56-letnia kobieta i jej dwaj synowie w wieku 25 i 38 lat zostali zatrzymani i trafili do policyjnej celi. Na poczet przyszłych kar policjanci zabezpieczyli także kilka tysięcy złotych, pochodzących z przestępstwa. Śledczy całą noc ustalali źródło, u którego w niebezpieczne substancje zaopatrywała się piotrkowska rodzina. Kolejny dzień przyniósł efekty ich pracy.
- Na terenie Łodzi zatrzymali 48-letnią kobietę, u której w mieszkaniu zabezpieczono blisko 850 gramów nowych substancji psychoaktywnych, 2 wagi elektroniczne, łyżkę do odmierzania porcji suszu – wyjaśniają przebieg działań mundurowi.
Łącznie podejrzanym udowodniono wprowadzenie do obrotu blisko 3 kilogramów niebezpiecznych substancji. Cała czwórka podejrzana jest o uczestnictwo w obrocie znaczną ilością nowych substancji psychoaktywnych. W świetle obowiązujących przepisów grozi za to kara do 12 lat więzienia.

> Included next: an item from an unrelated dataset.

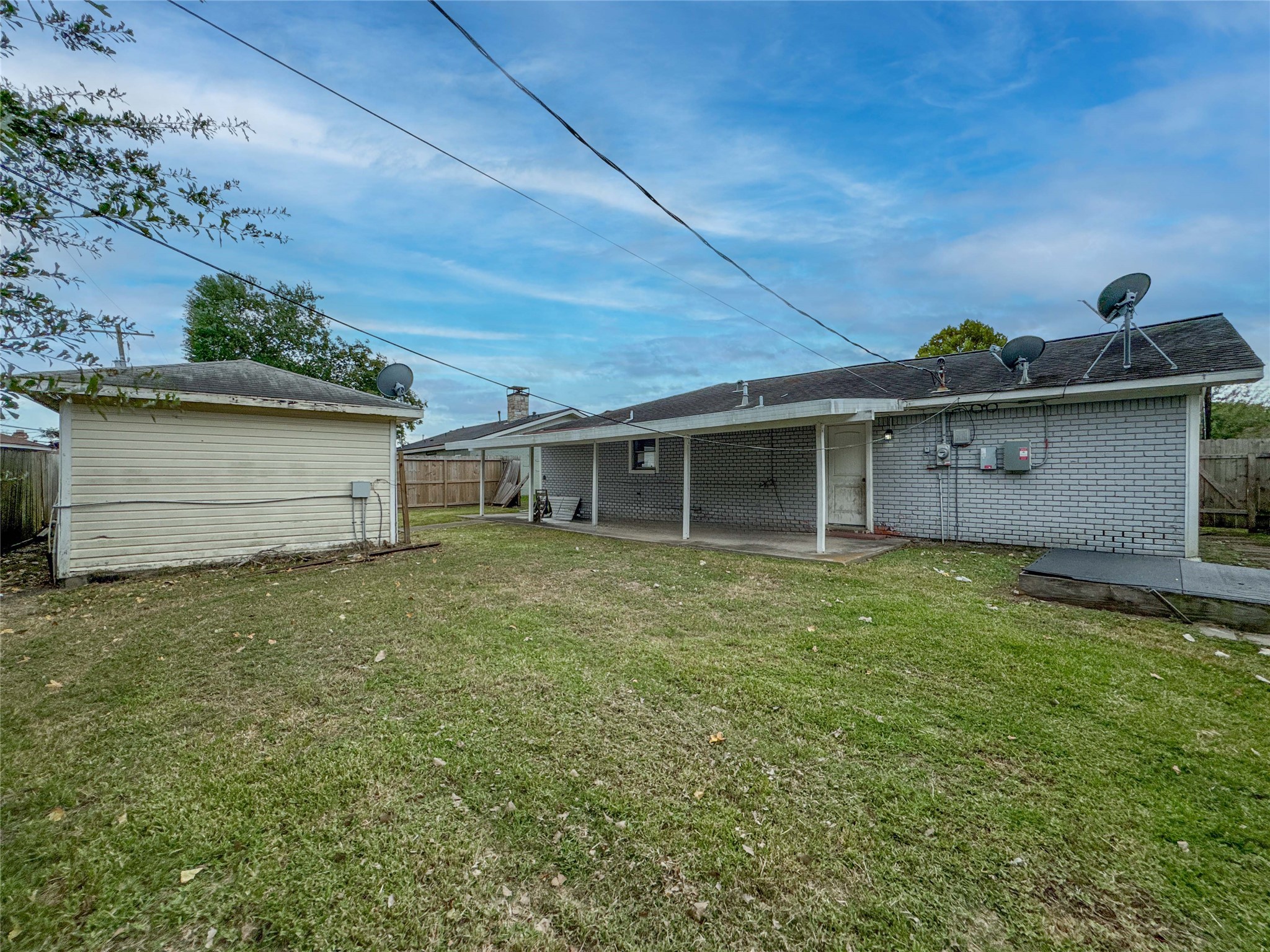 4522 Sage Circle Baytown, TX 77521 - Photo 30 of 33 a front view of a house with a garden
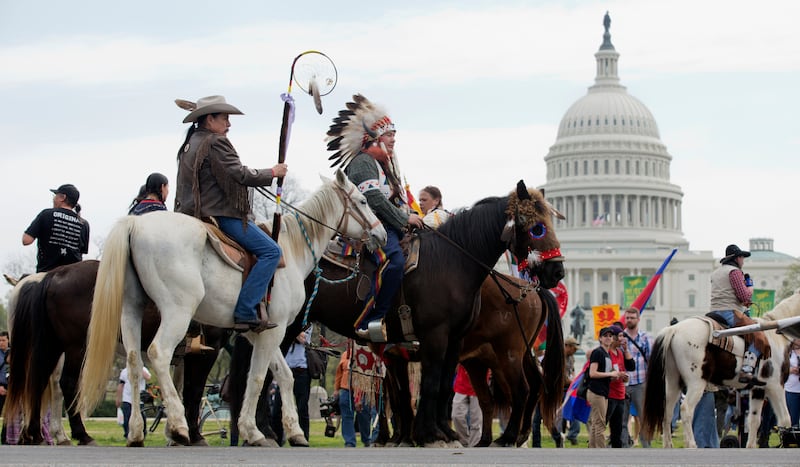 Shane Red Hawk of the Sioux Tribe rides a horse alongside others protesting the Keystone XL pipeline in April 2014.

56-letniej kobiecie i jej 25-letniemu synowi prokurator dodatkowo przedstawił zarzut udzielania innym osobom w celu osiągnięcia korzyści majątkowej nowych substancji psychoaktywnych, co zagrożone jest karą do 10 lat pozbawienia wolności. Sąd zdecydował o trzymiesięcznym areszcie dla całej czwórki.